I think this is one of the reasons I like digital mediums for communication so much. [Reconsider word choice: "mediums for communication"?] I can take time to decide what I want to say, punch it up with some witty humor, revise and rethink, and then when I am finally satisfied, publish hit send. Of course, sometimes I still say something dumb, but at least there are a few extra safeguards to keep my foot out of my mouth.

I don't have a major problem talking to good friends in person. For one, they know me well enough to still like me even if I say something ridiculous, and I will eventually have a chance to correct any errant assumptions they logically derive from my thoughtless
assertions. [wordy; consider simplifying]

But around strangers, I get flustered. As we know, some people's
good opinions once lost, are lost forever [Pride and Prejudice reference? Really necessary?]. Sometimes I start talking just because I feel inclined pressured to say something, and end up saying something I don't mean at all.

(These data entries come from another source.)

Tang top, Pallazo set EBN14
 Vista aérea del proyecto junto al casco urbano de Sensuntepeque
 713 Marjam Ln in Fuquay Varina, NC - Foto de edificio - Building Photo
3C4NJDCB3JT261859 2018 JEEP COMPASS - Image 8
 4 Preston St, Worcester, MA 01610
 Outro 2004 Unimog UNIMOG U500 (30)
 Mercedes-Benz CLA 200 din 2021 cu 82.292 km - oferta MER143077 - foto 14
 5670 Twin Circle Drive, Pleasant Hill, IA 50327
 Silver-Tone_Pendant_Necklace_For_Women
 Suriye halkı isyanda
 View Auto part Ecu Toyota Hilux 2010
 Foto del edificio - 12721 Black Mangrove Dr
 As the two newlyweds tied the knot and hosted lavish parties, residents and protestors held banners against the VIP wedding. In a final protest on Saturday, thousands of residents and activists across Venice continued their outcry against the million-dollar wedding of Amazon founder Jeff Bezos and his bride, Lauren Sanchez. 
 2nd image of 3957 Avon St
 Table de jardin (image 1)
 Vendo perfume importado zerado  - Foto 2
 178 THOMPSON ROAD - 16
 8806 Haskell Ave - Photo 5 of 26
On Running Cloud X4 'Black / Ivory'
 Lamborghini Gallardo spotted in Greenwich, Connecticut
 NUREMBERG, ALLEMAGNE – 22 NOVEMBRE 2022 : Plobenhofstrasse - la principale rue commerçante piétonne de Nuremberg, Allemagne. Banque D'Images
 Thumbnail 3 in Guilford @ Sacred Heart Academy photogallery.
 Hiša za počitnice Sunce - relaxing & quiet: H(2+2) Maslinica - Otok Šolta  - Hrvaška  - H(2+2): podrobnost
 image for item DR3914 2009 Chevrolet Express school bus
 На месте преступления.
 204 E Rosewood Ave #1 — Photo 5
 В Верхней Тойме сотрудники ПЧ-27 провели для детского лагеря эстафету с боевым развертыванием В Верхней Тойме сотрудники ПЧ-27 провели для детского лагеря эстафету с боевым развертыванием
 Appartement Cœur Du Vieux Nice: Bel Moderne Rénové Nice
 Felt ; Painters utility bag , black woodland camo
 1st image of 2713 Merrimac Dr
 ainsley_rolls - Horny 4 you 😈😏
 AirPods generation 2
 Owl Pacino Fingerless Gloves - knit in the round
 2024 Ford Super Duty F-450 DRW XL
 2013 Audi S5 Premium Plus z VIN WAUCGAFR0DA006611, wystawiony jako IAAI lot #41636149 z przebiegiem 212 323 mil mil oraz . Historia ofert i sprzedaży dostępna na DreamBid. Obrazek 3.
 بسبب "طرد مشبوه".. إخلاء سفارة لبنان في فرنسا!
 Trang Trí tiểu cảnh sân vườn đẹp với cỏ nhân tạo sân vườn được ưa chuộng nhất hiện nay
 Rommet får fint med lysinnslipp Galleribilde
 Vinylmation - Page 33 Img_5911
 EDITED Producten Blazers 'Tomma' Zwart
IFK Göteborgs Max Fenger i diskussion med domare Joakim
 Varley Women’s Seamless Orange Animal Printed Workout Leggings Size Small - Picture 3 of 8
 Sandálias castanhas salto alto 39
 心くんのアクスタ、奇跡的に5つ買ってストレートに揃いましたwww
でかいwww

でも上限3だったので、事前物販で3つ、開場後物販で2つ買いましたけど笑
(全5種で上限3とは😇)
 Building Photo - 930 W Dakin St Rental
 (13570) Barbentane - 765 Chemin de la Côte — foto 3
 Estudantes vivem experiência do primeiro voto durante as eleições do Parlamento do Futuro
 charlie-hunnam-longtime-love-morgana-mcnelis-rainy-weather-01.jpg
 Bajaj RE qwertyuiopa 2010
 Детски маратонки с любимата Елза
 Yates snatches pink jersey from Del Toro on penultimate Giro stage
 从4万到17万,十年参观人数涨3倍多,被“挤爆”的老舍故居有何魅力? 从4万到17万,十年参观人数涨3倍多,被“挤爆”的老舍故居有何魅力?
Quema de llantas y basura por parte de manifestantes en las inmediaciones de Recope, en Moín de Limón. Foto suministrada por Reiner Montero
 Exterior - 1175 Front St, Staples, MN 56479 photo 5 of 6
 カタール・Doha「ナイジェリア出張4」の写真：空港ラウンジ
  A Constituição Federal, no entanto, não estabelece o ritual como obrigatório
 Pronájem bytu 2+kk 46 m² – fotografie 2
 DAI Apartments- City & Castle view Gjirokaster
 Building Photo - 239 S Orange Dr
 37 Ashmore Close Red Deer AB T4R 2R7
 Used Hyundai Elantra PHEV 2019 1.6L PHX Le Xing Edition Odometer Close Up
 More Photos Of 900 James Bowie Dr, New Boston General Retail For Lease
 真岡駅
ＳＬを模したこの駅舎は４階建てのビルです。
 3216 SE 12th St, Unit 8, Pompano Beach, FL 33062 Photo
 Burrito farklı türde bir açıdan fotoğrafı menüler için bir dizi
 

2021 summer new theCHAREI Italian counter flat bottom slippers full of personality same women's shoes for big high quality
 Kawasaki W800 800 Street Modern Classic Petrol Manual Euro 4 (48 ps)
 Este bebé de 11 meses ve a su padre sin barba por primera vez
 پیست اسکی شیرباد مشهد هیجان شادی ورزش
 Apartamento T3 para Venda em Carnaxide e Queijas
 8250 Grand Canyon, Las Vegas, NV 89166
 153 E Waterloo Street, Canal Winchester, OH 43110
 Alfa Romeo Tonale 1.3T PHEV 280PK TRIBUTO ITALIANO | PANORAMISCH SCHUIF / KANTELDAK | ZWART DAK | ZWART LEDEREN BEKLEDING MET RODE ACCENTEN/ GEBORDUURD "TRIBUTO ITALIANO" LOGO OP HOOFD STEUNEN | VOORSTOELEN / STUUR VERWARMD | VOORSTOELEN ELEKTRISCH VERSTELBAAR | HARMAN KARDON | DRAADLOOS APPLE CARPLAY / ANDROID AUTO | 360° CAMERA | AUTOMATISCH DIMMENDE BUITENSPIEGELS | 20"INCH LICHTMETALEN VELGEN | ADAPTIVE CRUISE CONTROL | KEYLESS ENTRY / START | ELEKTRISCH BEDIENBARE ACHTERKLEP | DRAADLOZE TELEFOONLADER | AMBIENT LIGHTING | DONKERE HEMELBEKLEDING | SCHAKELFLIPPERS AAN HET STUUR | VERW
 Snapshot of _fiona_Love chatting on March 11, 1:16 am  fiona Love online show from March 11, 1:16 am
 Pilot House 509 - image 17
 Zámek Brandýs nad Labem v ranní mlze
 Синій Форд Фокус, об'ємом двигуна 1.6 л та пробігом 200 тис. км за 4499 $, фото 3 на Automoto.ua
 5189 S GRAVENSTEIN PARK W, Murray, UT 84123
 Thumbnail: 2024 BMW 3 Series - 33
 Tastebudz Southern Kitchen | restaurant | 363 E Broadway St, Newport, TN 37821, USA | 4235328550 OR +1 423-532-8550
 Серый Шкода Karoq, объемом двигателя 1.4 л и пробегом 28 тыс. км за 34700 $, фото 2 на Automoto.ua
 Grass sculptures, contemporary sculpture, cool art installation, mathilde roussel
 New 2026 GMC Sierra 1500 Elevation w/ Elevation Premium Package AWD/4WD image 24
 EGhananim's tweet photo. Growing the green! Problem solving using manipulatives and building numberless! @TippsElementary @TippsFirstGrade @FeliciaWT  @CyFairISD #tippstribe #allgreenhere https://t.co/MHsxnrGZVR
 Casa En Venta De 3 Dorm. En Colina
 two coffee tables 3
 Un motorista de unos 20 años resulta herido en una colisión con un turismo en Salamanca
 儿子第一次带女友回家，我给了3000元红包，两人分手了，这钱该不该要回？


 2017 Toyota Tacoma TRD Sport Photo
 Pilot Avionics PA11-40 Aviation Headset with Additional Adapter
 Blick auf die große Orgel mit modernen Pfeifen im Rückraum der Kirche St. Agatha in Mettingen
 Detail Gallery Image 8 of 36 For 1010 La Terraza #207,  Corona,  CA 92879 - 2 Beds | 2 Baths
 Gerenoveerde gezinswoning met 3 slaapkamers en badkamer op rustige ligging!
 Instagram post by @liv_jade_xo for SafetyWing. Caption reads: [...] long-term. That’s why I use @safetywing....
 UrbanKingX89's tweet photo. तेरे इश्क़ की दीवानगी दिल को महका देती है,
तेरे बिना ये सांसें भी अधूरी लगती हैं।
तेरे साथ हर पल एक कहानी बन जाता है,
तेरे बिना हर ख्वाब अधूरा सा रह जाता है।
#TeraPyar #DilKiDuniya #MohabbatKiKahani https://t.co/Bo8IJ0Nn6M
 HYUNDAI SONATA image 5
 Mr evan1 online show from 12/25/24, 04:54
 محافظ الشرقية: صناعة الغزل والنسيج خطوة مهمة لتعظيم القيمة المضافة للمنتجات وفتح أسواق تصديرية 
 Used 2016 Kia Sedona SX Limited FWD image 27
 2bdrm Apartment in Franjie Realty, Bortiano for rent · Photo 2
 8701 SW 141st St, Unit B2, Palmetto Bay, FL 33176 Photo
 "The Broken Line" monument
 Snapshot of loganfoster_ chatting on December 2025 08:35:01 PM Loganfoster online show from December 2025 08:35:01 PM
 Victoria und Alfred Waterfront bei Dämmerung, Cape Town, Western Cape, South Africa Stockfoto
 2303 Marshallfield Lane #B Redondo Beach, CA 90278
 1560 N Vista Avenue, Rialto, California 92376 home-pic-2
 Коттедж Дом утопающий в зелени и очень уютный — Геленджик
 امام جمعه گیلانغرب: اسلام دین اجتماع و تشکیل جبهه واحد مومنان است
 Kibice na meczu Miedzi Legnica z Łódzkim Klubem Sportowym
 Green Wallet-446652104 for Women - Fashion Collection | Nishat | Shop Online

Or I say something that makes sense in my head, but to a newcomer uninitiated to the inner workings of my twisted mind, it is altogether senseless. Sometimes I'll even end up deliberately saying something completely contrary to my own opinion just to push the conversation forward in an interesting direction. [insert humorous incident here]

Texting, IMing, blogging, and emailing all give me a chance to reflect before I commit myself to speaking (though I admit I may not always take advantage of that opportunity). While I find this enormously comforting, I worry it means I have even less practice expressing myself in true conversation. [Are so-called "digital" conversations less valid?] Maybe it's a crutch, but one I can't really separate myself from.

And now, for lack of a better way to end this post, a baby eating its own foot:



[Baby ending = cop out. Reconsider a solid closing paragraph that will bring post to an obvious conclusion about ideas discussed.]

4 comments:

Anonymous said...

I know exactly what you mean, love. I often feel like I'm "trying out" phrases or comments. More often than not, they do not fit, and it's too late to take them back. Sure, doing this in front of strangers is all well and confusing, but try pursuing attractive men in this manner!

Pride and Prejudice reference is necessary, and you should know that I caught the end of it on television this morning while I was feeling sorry for myself.

And yes, you are hilarious and witty.

Strawboat said...

This made me smile. :D

bonbon said...

HAHAHAHAHA!!!!!!! This one's my favorite. And I know exactly what you mean. I revise my texts a million times before I actually send them. Especially when the end goal is to be funny or witty. It takes work, you know.

Mean Mommy said...

Yeah, I'm more interesting and way funnier online. I've had people notice a difference (people that I know who have added me on facebook...).

I couldn't even type this response without editing. And it is still oddly phrased...can I start over?